Note: CircularReferenceTwo is identical to CircularReferenceOne.

Can anyone can see any potential limitations with this approach? If so, do you know of a better way to do this?

Keep in mind that I'd like the approach to be as performant as possible (memory/cpu), even if readability is sacrificed a bit.

Note: The goal is to find the general algorithm for performing a deep-copy by hand in the most efficient way possible, so using things like binary serialization are out of the question.
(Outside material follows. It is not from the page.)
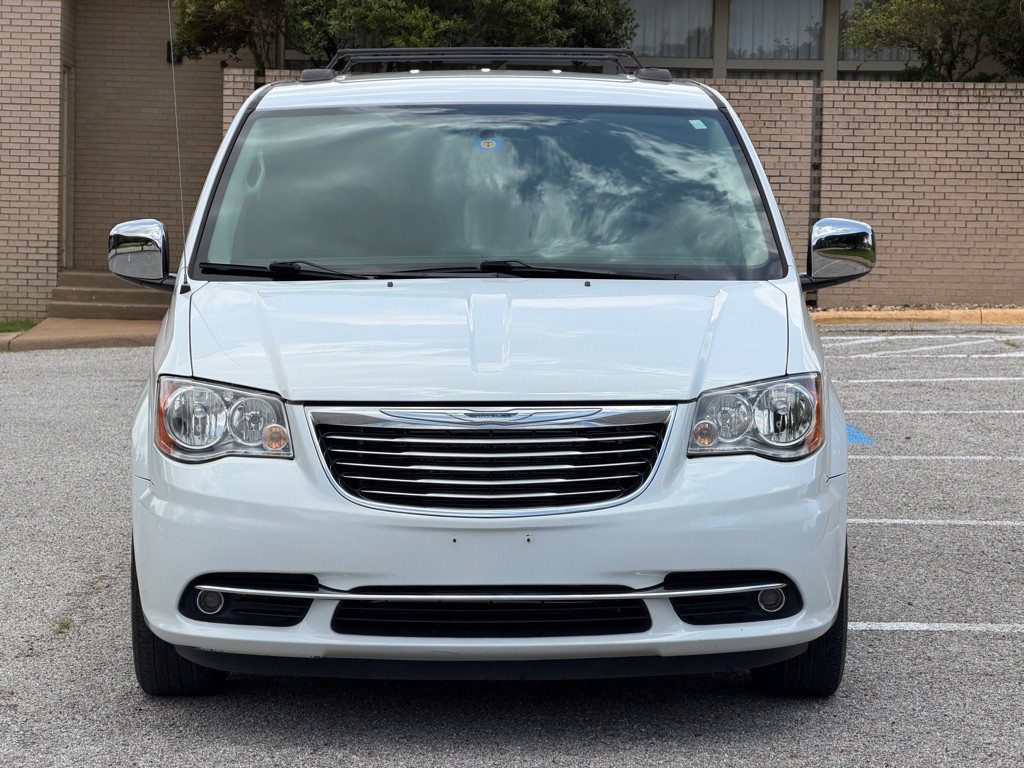 2014 Chrysler Town & Country Image 8
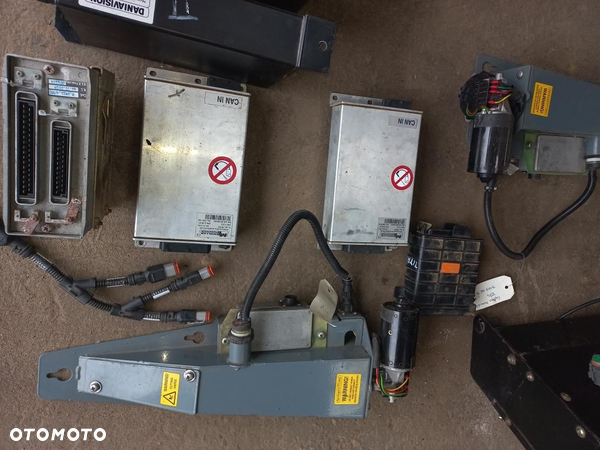 Centralka sterująca,sterownik,moduł sterujący dania vision MF 32,34,36,40, MULLER ELEKTRONIK AMAZONE,ID8811013,30048002,45062600.2400, RE33672291246,IN890306,CZUJNIK WILGOTNOŚCI, AGROSUPPORT FT 9902,3787065M93,D44900691,7274,EHR,STEROWNIK SKRZYNI, 8.081.4/62 AA.00.0018 ,0538201009, 53RT0263 CAJA KONTROL.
Edit Updated version based on @svick's answer:

public class CircularReferenceOne
{
    public int Identifier;

    public CircularReferenceTwo CR2;

    public CircularReferenceOne HCopy()
    {
        var track = new Dictionary<object, object>(ObjectReferenceComparer.Instance);
        return this.HCircCopy(track);
    }

    public CircularReferenceOne HCircCopy(Dictionary<object, object> track)
    {
        object clone;
        if (track.TryGetValue(this, out clone))
        {
            var c = clone as CircularReferenceOne;
            if (null != c)
                return c;
        }

        var myClone = new CircularReferenceOne();
        track.Add(this, myClone);

        myClone.Identifier = this.Identifier;
        CircularReferenceTwo cr = this.CR2;
        myClone.CR2 = null == cr ? null : cr.HCircCopy(track);

        return myClone;
    }
}

Here's the implementation for ObjectReferenceComparer:

public class ObjectReferenceComparer : EqualityComparer<object>
{
    public static readonly ObjectReferenceComparer Instance =
        new ObjectReferenceComparer();

    public override bool Equals(object first, object second)
    {
        return object.ReferenceEquals(first, second);
    }

    public override int GetHashCode(object obj)
    {
        return RuntimeHelpers.GetHashCode(obj);
    }
}

Update I came across this StackOverflow answer, and after reading Ani's answer I decided to actually check out the implementation for System.Dynamic.Utils.ReferenceEqualityComparer<T> which I've added here for future reference:

// Type: System.Dynamic.Utils.ReferenceEqualityComparer`1
// Assembly: System.Core, Version=4.0.0.0, Culture=neutral, PublicKeyToken=b77a5c561934e089
// Assembly location: C:\Windows\Microsoft.NET\Framework\v4.0.30319\System.Core.dll

using System.Collections.Generic;
using System.Runtime.CompilerServices;

namespace System.Dynamic.Utils
{
    internal sealed class ReferenceEqualityComparer<T> : IEqualityComparer<T>
    {
        internal static readonly ReferenceEqualityComparer<T> Instance =
            new ReferenceEqualityComparer<T>();

        static ReferenceEqualityComparer()
        {
        }

        private ReferenceEqualityComparer()
        {
        }

        public bool Equals(T x, T y)
        {
            return object.ReferenceEquals((object) x, (object) y);
        }

        public int GetHashCode(T obj)
        {
            return RuntimeHelpers.GetHashCode((object) obj);
        }
    }
}

Now I'm much more comfortable with this implementation!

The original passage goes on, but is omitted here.